■ **Task instructions**:
Everything in the data must be repeated exactly, apart from the pictures, which are left out.

■ **Data extract**:
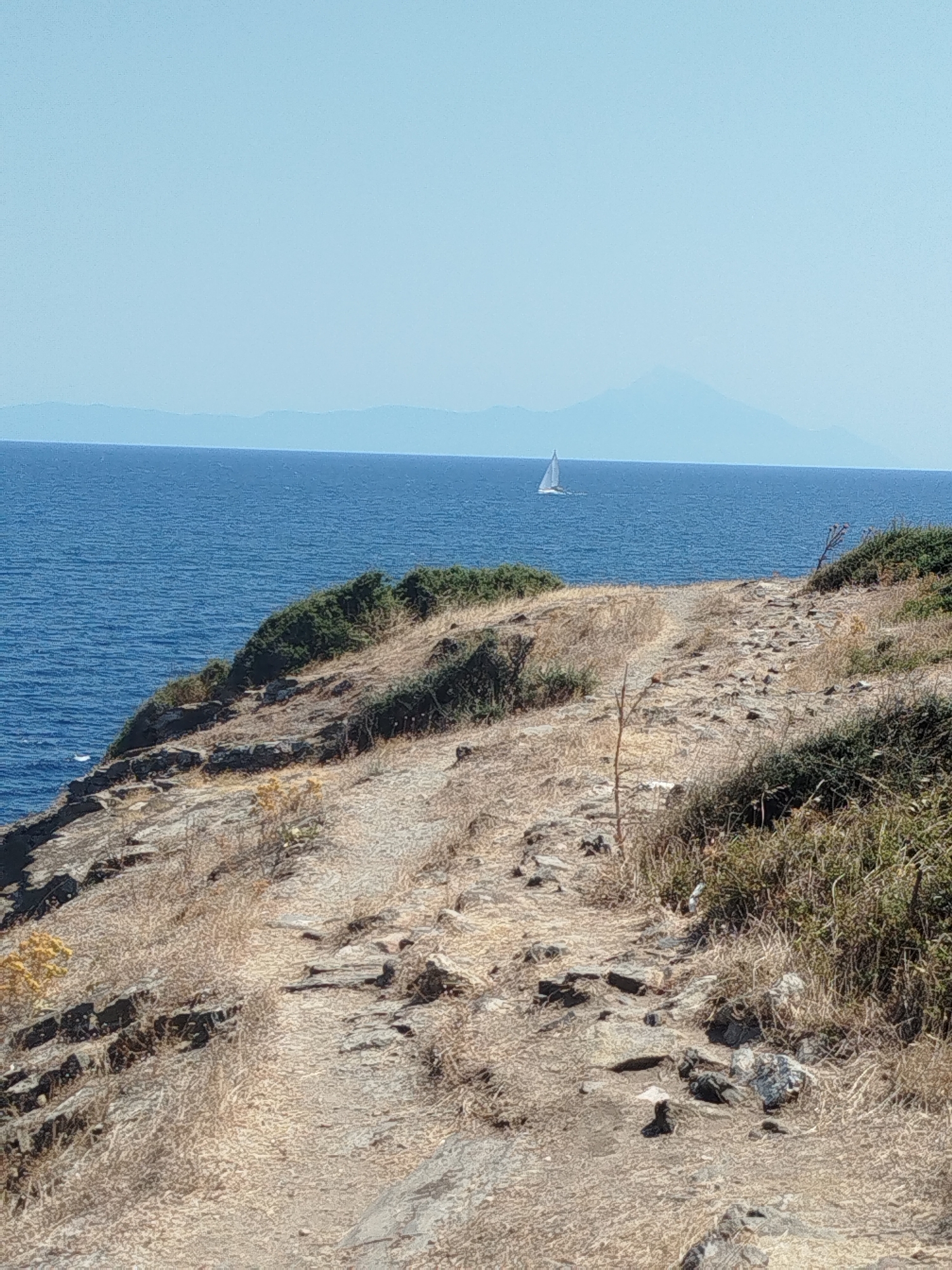 A sailboat is visible in the distance on a calm blue sea, with a mountainous horizon under a clear, pale blue sky. In the foreground, a rocky, dry, and overgrown path winds up a hillside overlooking the sea. The hillside is covered in sparse, dry vegetation and scattered rocks. The overall scene depicts a coastal landscape in Sithonia Municipal Unit, Greece.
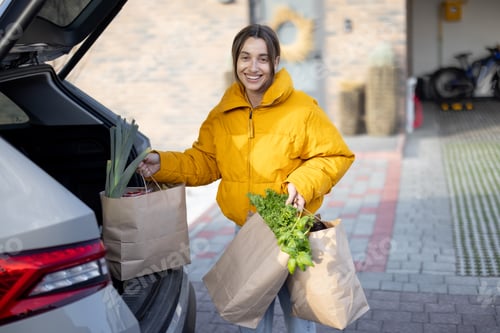 Preview: Woman arrives home with purchases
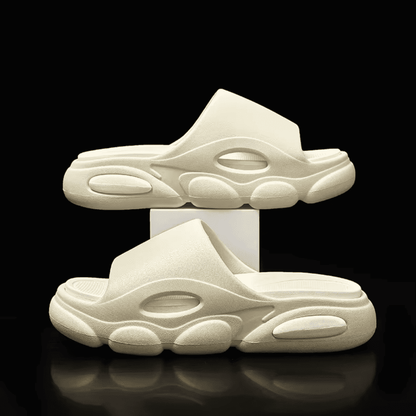 FORCIANO FEROX Beige-White height increasing slippers displayed as a pair in side-profile and three-quarter views against a black background.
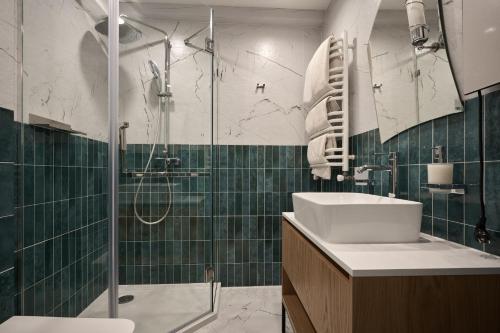 a bathroom with a sink and a shower at Hotel Vedmezhyi Dvir in Bukovel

■ **Result**:
 A sailboat is visible in the distance on a calm blue sea, with a mountainous horizon under a clear, pale blue sky. In the foreground, a rocky, dry, and overgrown path winds up a hillside overlooking the sea. The hillside is covered in sparse, dry vegetation and scattered rocks. The overall scene depicts a coastal landscape in Sithonia Municipal Unit, Greece.
 Preview: Woman arrives home with purchases
 FORCIANO FEROX Beige-White height increasing slippers displayed as a pair in side-profile and three-quarter views against a black background.
 a bathroom with a sink and a shower at Hotel Vedmezhyi Dvir in Bukovel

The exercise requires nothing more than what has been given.